Phoenix Park
One of Europe's largest city parks, with deer roaming freely inside the city limits.
Phoenix Park is a vast enclosed parkland on the western edge of Dublin city, covering over 700 hectares — making it one of the largest walled city parks in Europe, significantly bigger than New York's Central Park or London's Hyde Park. It has been a public green space since 1747, though its origins go back to the 1660s when the Duke of Ormonde enclosed the land as a deer park for Charles II. Today it sits right in the middle of a living city, and yet feels genuinely wild in places — a remarkable thing for a capital.
The park is home to a herd of around 600 fallow deer that roam freely and have done for centuries. You can walk or cycle for hours and still feel like you haven't covered it — past the Papal Cross (erected for John Paul II's 1979 visit, when over a million people gathered here), the Wellington Monument (the tallest obelisk in the British Isles), the Victorian walled kitchen garden at Ashtown, and the Dublin Zoo, which sits within the park's boundaries. The American Ambassador's residence and Áras an Uachtaráin, the official home of the Irish President, are both inside the park too. The Visitor Centre at Ashtown Castle is worth a stop for context.
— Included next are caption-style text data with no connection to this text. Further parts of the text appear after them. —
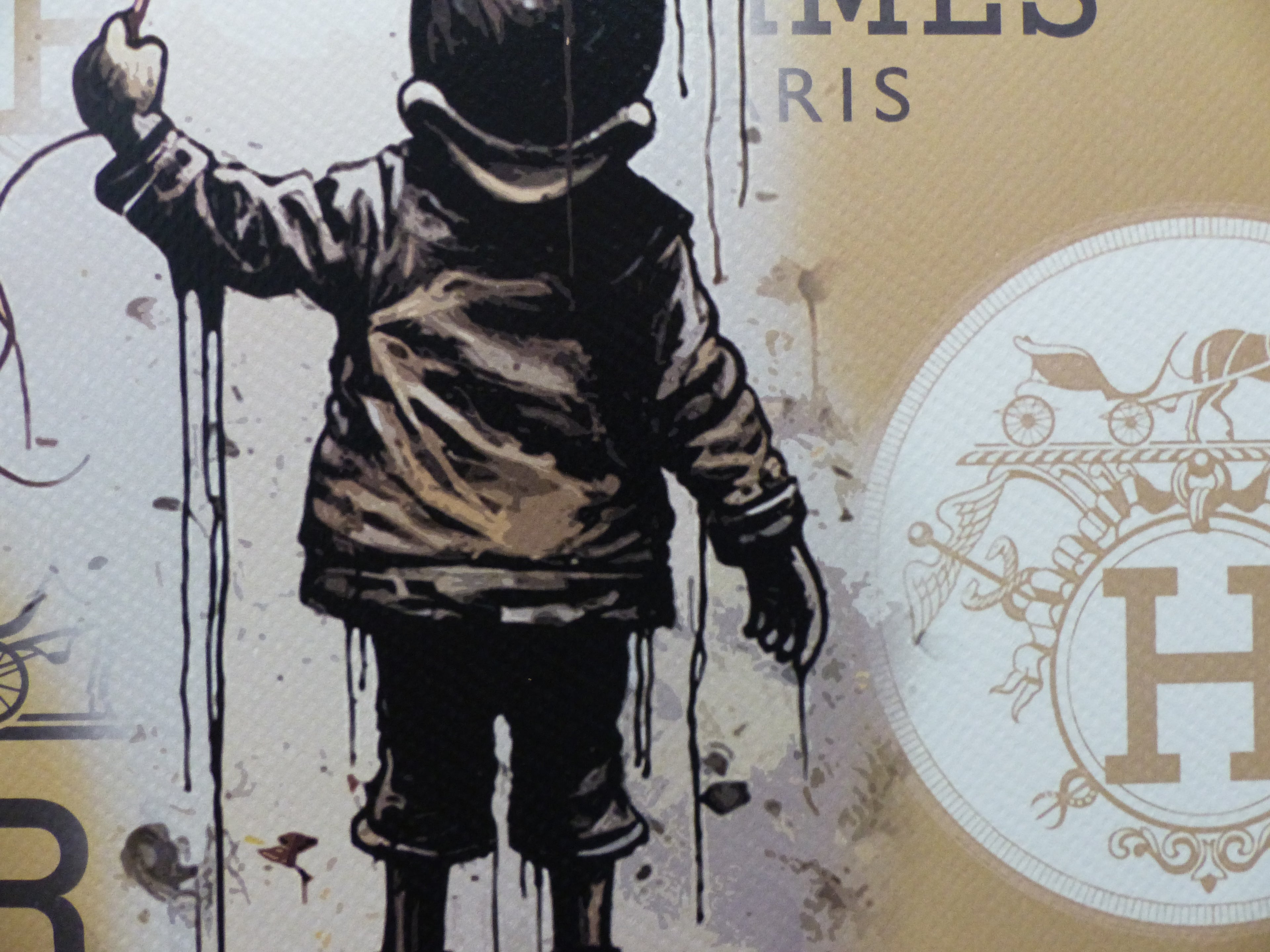 DEATH NYC fertig gerahmte Lithografie ltd Edit. of 100 "Mickey Balloon" 3D Siegel COA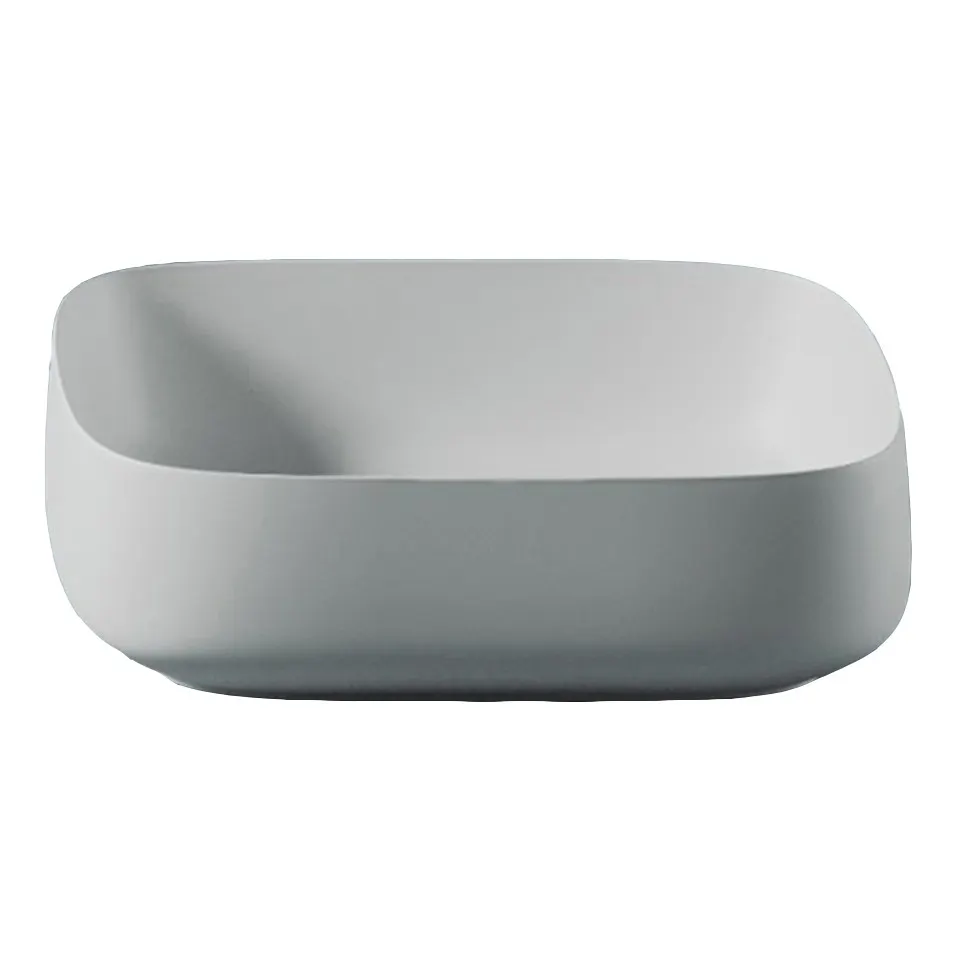 Товар: Раковина Artceram Cognac Quadro накладная без отверстий цвет белый матовый COL009 05 00 - фото 3 Раковина Artceram Cognac Quadro накладная без отверстий цвет белый матовый COL009 05 00 — фото 3, Раковины накладные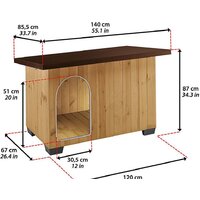 Будка Ferplast Baita 120 87017000 - Превью изображения №7 — Интернет-магазин Time-Shop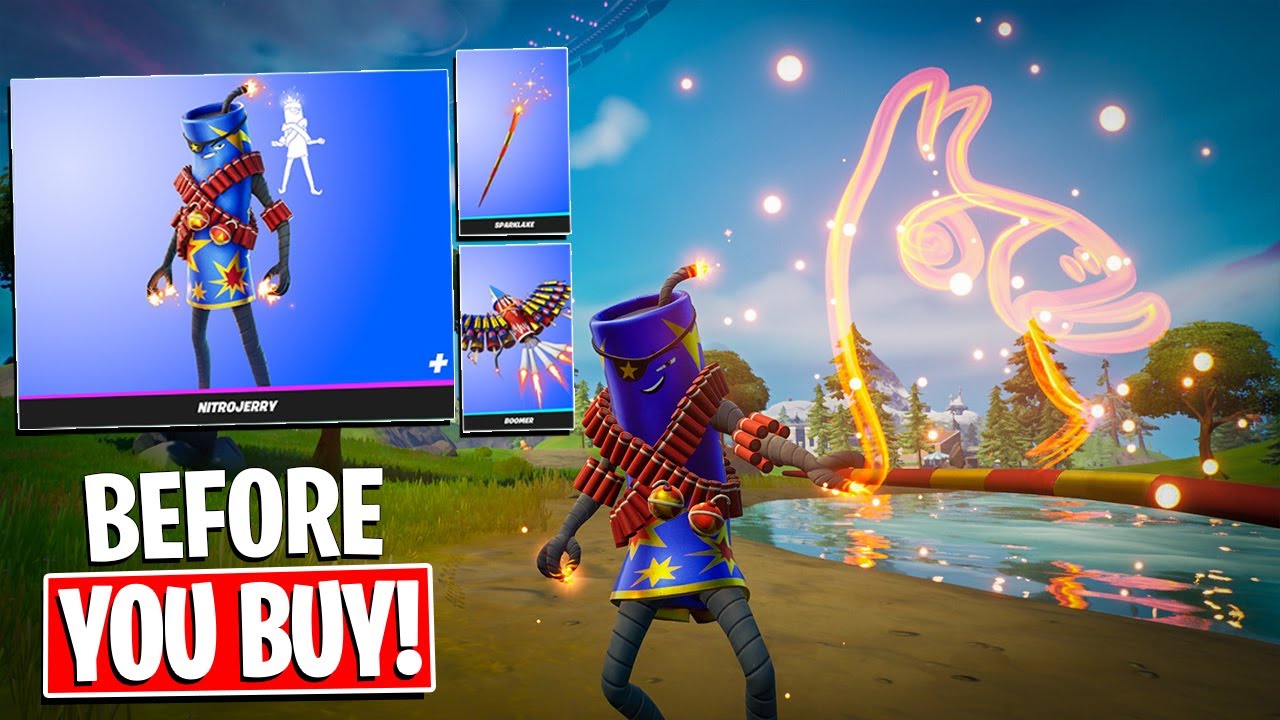 NITROJERRY and Other Cool Stuff! Before You Buy (Fortnite Battle Royale)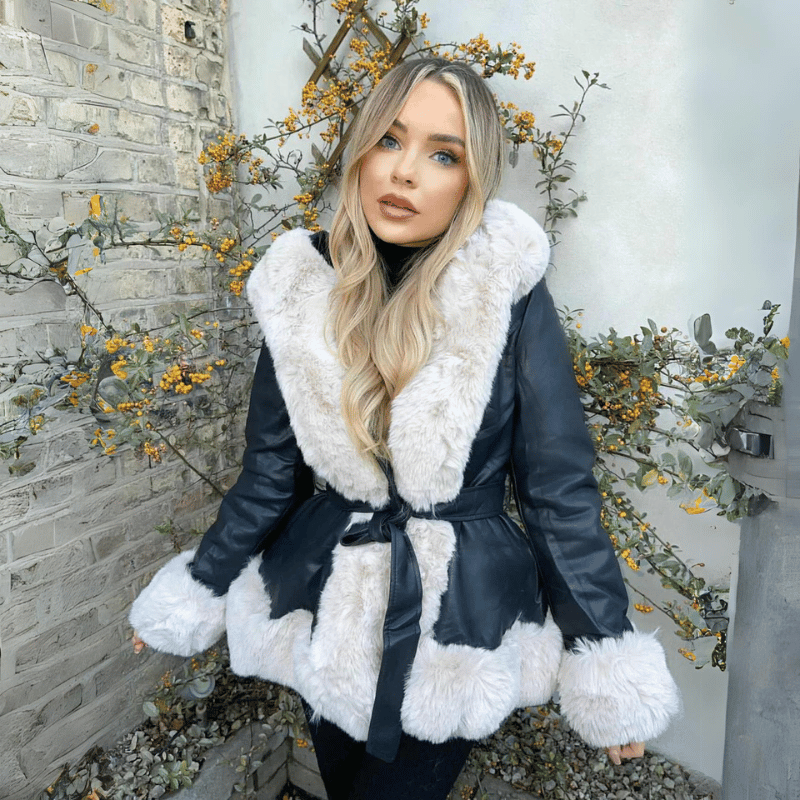 Hollis - Eleganter Mantel aus Kunstfell für Damen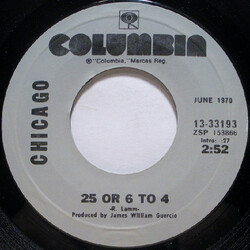 Chicago (2) 25 Or 6 To 4 / Make Me Smile USED VINYL 7INCH 45 RPM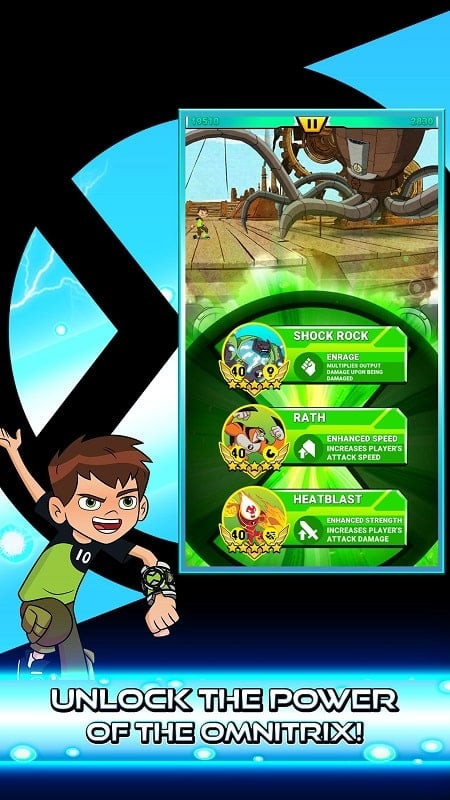 alt: Hình ảnh Ben 10 Heroes trên Android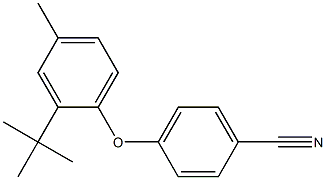  4-(2-tert-butyl-4-methylphenoxy)benzonitrile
The park is open 24 hours and entry is free — always has been, which feels like a gift from the city. Go early on a weekday morning if you want the deer-sighting experience without crowds; they tend to congregate around the Fifteen Acres area, the large open plain in the centre-west of the park. Cyclists can pick up bikes at the park gates. If you're arriving by public transport, the 37 bus from the city centre stops near the main Parkgate Street entrance.